> [EXERCISE INSTRUCTIONS] From top to bottom, return the listing exactly as it appears, omitting its images.

> [ENTRIES PROVIDED]
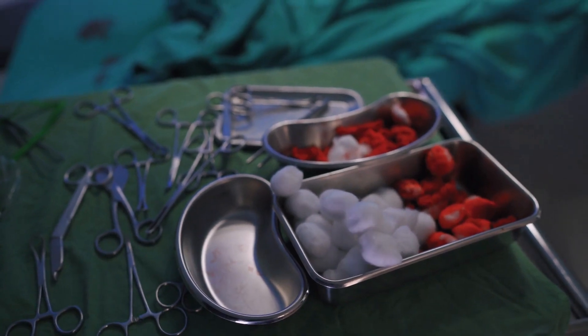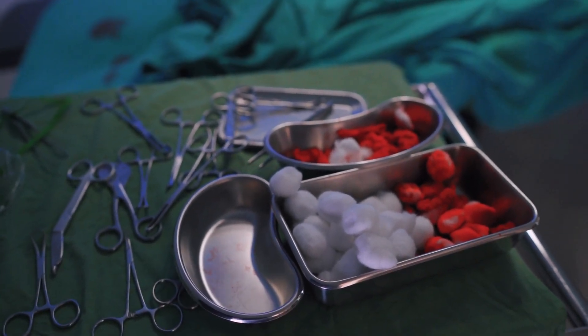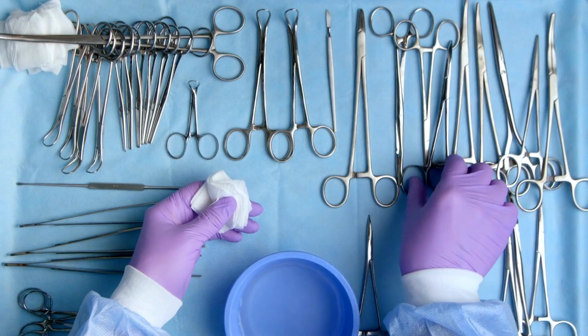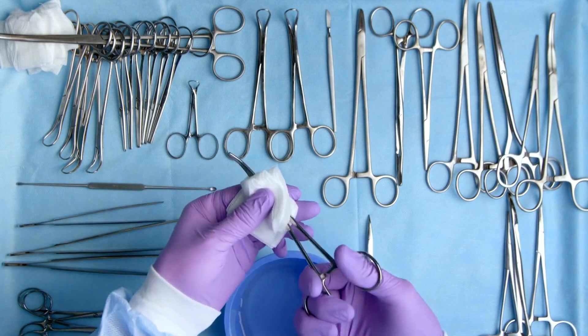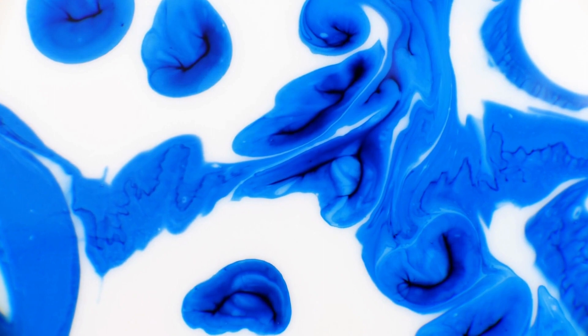Picture this: surgical instruments riddled with tough-to-remove debris and stubborn microorganisms. Traditional cleaning methods may leave dangerous residue behind. But do not worry — multi-enzyme cleaners are here to revolutionize the game.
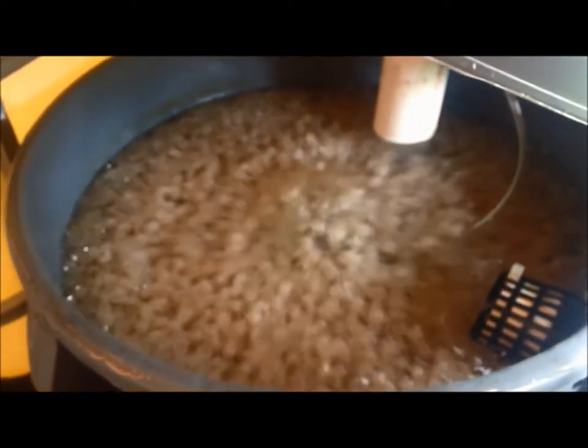This is the bacteria grow area — that's what that looks like. I have grow media with an air stone, and it keeps all that bacteria going to break down the ammonia and turn it into nitrogen. That's where all that happens.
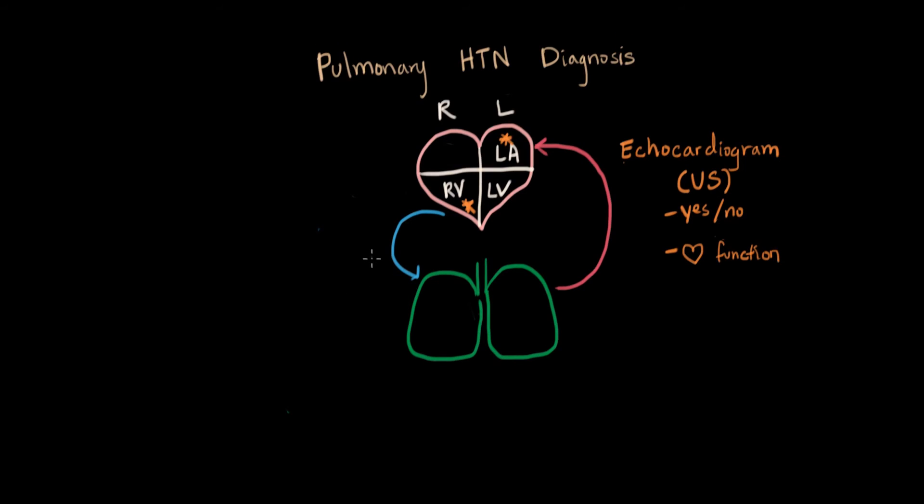Another test that we might do for patients — obviously done a lot with any pulmonary complaint — is the x-ray. The x-ray involves radiation, although for a chest x-ray it's not too bad. From the total picture, we can see if the lungs are overinflated or if there are other clues of pulmonary disease. But specifically for hypertension, the vessels in the lungs, if they have chronic hypertension for a while, become thickened.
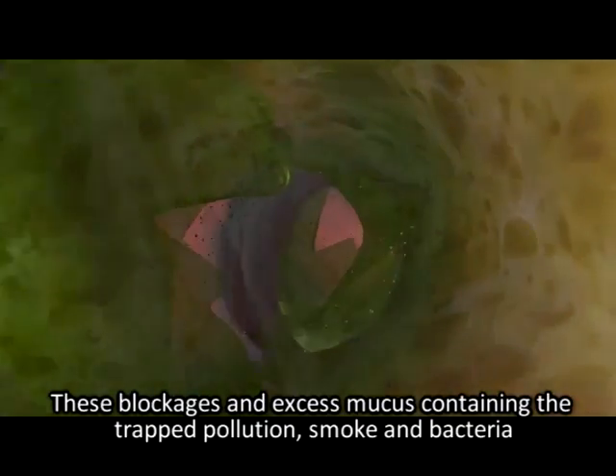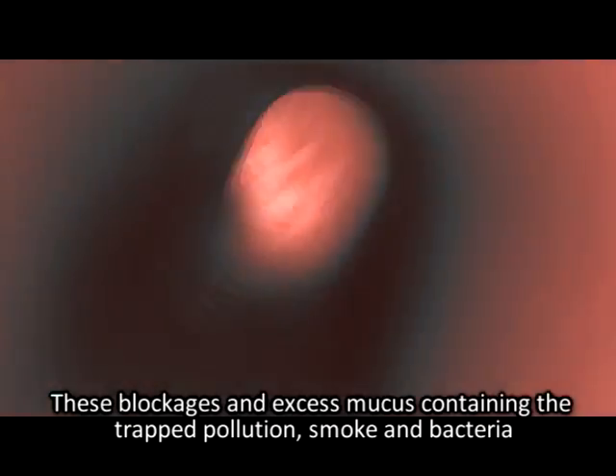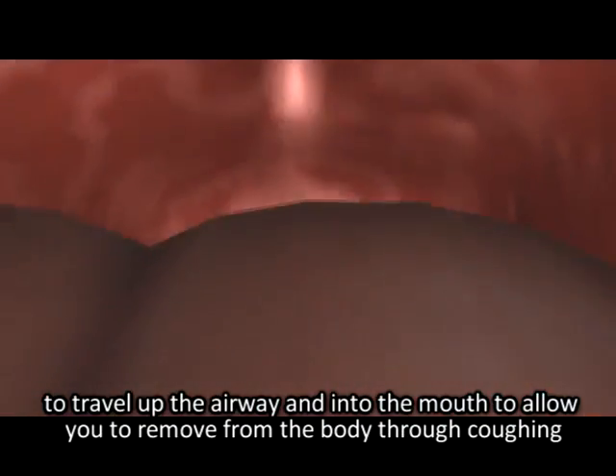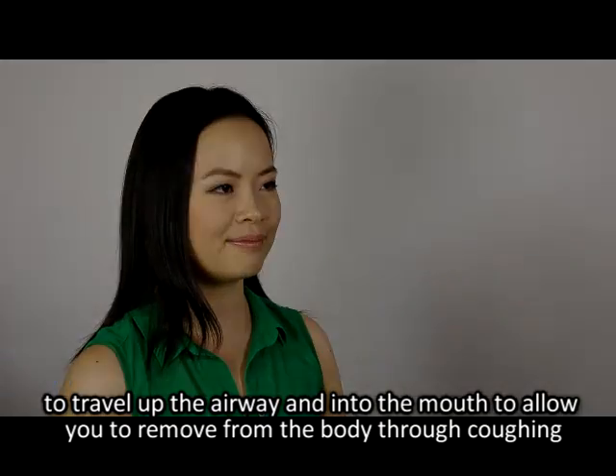These blockages and excess mucus, containing the trapped pollution, smoke and bacteria, travel up to the airway and into the mouth to allow you to remove them from the body through coughing.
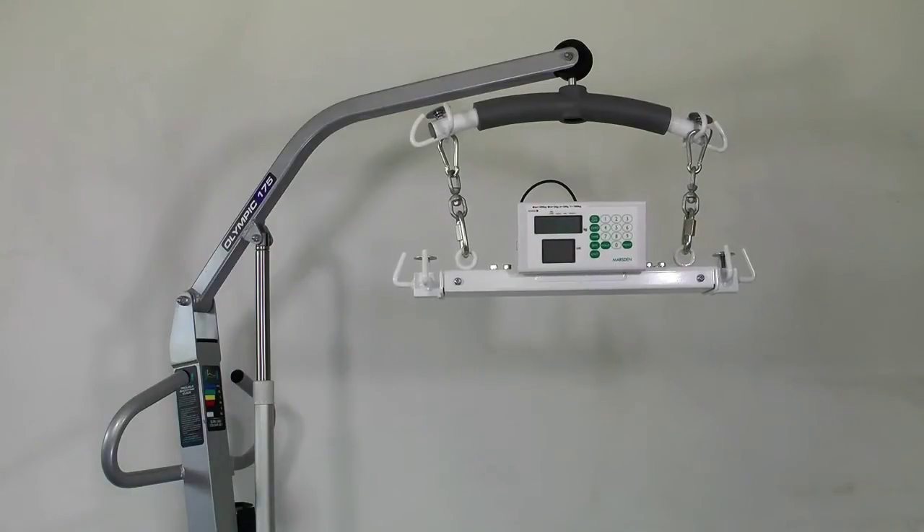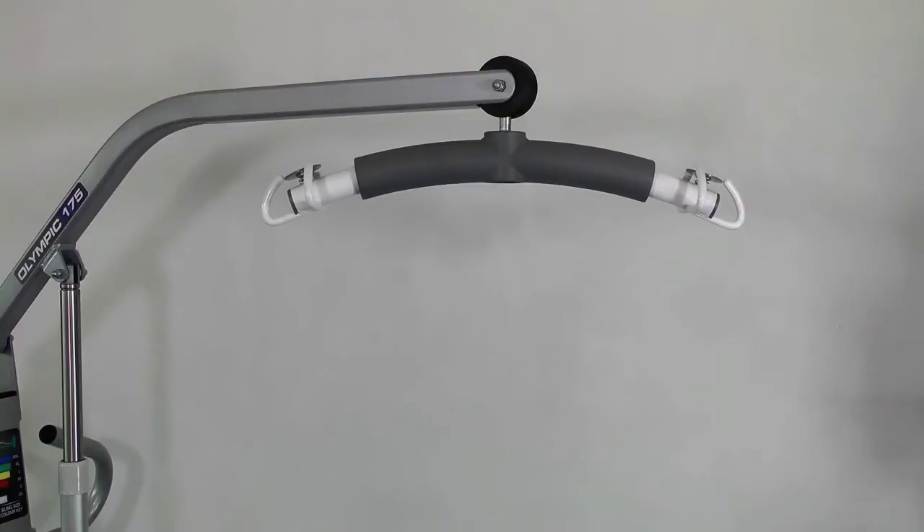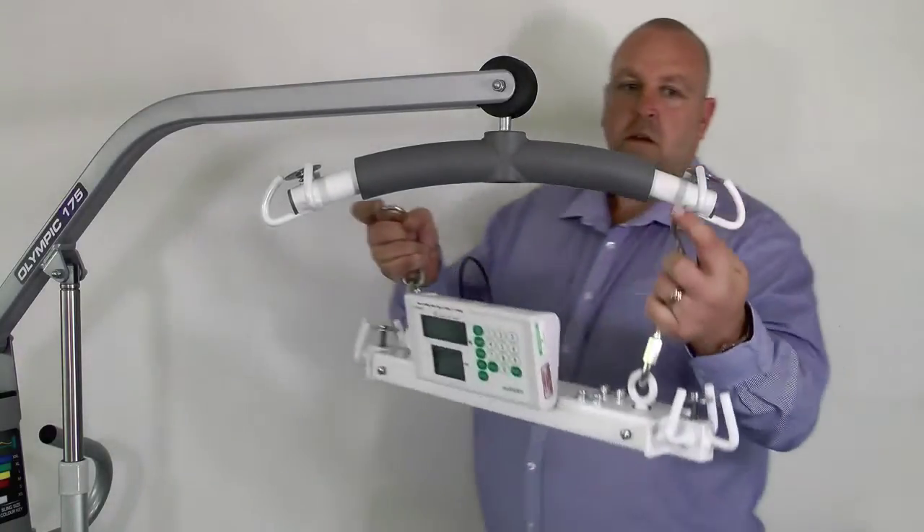The Mazden M600 is a hoist weighing scale for use on all patient hoists with integral coat hanger shaped spreader bars. The Mazden M600 is simple to operate so you can easily weigh less able or bedridden patients accurately. It's Class 3 approved, accurate to 100 grams, and also comes with a BMI measurement. The scale weighs up to 200 kilos, but remember to check the maximum safe weight of the hoist you're using.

> [RESULT OF THE EXERCISE]
Picture this: surgical instruments riddled with tough-to-remove debris and stubborn microorganisms. Traditional cleaning methods may leave dangerous residue behind. But do not worry — multi-enzyme cleaners are here to revolutionize the game.
This is the bacteria grow area — that's what that looks like. I have grow media with an air stone, and it keeps all that bacteria going to break down the ammonia and turn it into nitrogen. That's where all that happens.
Another test that we might do for patients — obviously done a lot with any pulmonary complaint — is the x-ray. The x-ray involves radiation, although for a chest x-ray it's not too bad. From the total picture, we can see if the lungs are overinflated or if there are other clues of pulmonary disease. But specifically for hypertension, the vessels in the lungs, if they have chronic hypertension for a while, become thickened.
These blockages and excess mucus, containing the trapped pollution, smoke and bacteria, travel up to the airway and into the mouth to allow you to remove them from the body through coughing.
The Mazden M600 is a hoist weighing scale for use on all patient hoists with integral coat hanger shaped spreader bars. The Mazden M600 is simple to operate so you can easily weigh less able or bedridden patients accurately. It's Class 3 approved, accurate to 100 grams, and also comes with a BMI measurement. The scale weighs up to 200 kilos, but remember to check the maximum safe weight of the hoist you're using.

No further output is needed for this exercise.